- [TASK REQUIREMENTS]:
Every record, apart from its pictures, should be repeated exactly.

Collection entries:
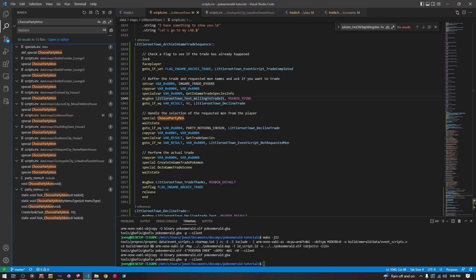Hello and welcome back to our Decomp tutorial series. Today we are going to be talking about in-game trades. The in-game trades work a little bit differently than just your standard givemon. They're a little bit more complicated.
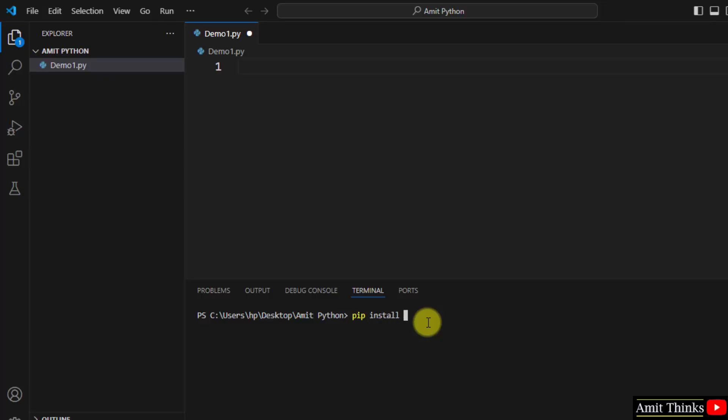Now type the command pip install space the library name and press enter.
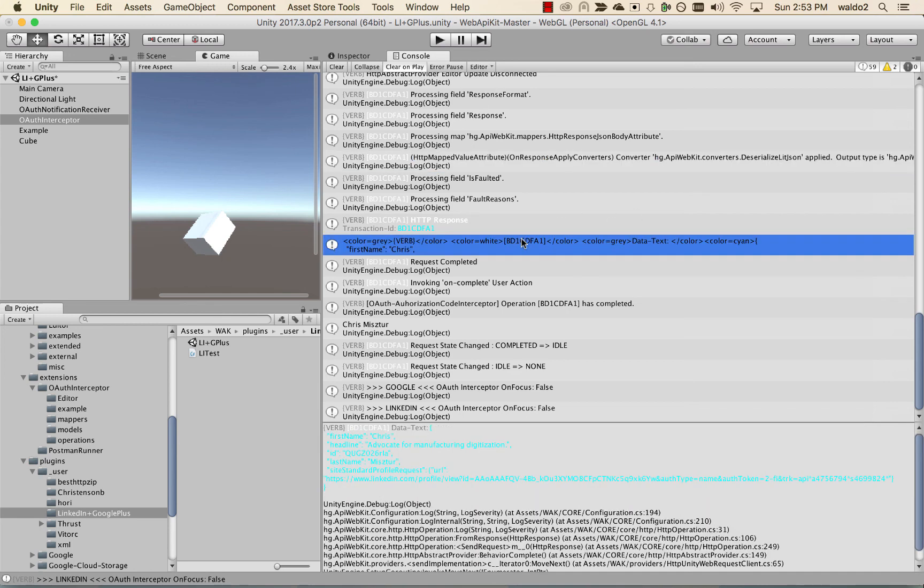So that's it. This was a pretty quick video. In the next video, what we're going to do is go through the same process, but with Google. And we're going to use their Google Plus API to retrieve the user information.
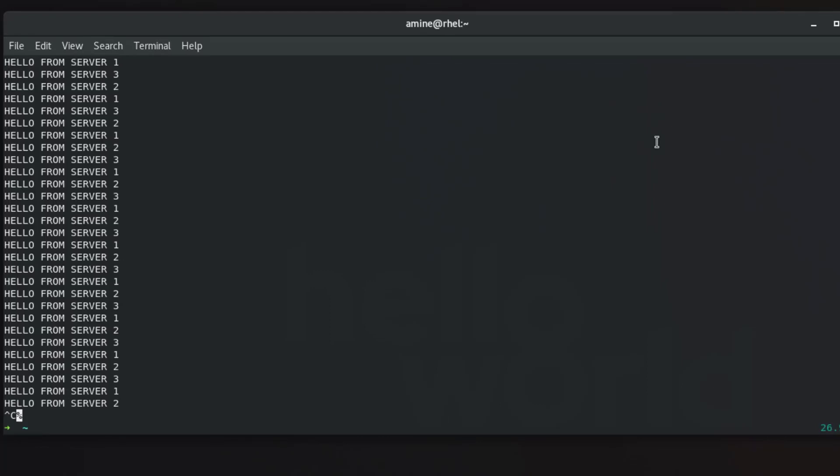So as you can see it's pretty simple to make a load balancer using nginx. As always I hope it has been informative for you and I want to thank you for viewing. Bye.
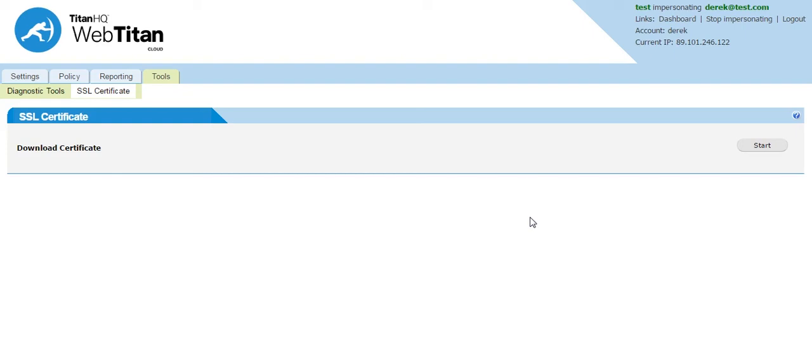So out of the box blocking will occur correctly on both HTTP and HTTPS, but for us to render the block page correctly within HTTPS this certificate would need to be listed in the end users browser.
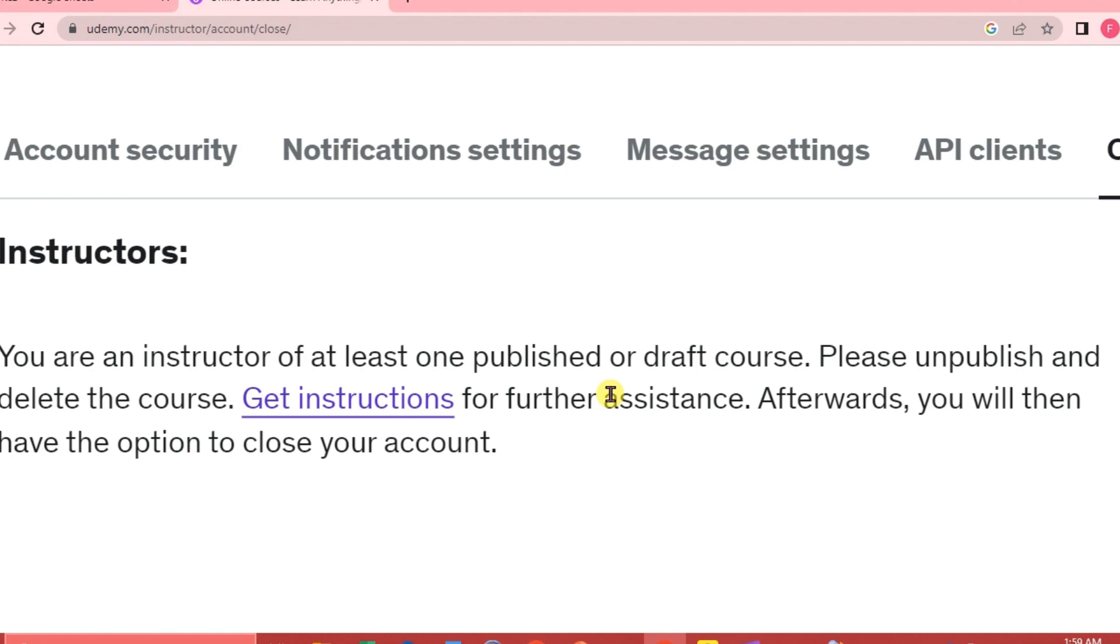We change our location by closing our account and creating a new one. That's it for this video. I will see you guys next time. Bye.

- [SOLUTION TO THIS EXERCISE]:
Hello and welcome back to our Decomp tutorial series. Today we are going to be talking about in-game trades. The in-game trades work a little bit differently than just your standard givemon. They're a little bit more complicated.
Now type the command pip install space the library name and press enter.
So that's it. This was a pretty quick video. In the next video, what we're going to do is go through the same process, but with Google. And we're going to use their Google Plus API to retrieve the user information.
So as you can see it's pretty simple to make a load balancer using nginx. As always I hope it has been informative for you and I want to thank you for viewing. Bye.
So out of the box blocking will occur correctly on both HTTP and HTTPS, but for us to render the block page correctly within HTTPS this certificate would need to be listed in the end users browser.
We change our location by closing our account and creating a new one. That's it for this video. I will see you guys next time. Bye.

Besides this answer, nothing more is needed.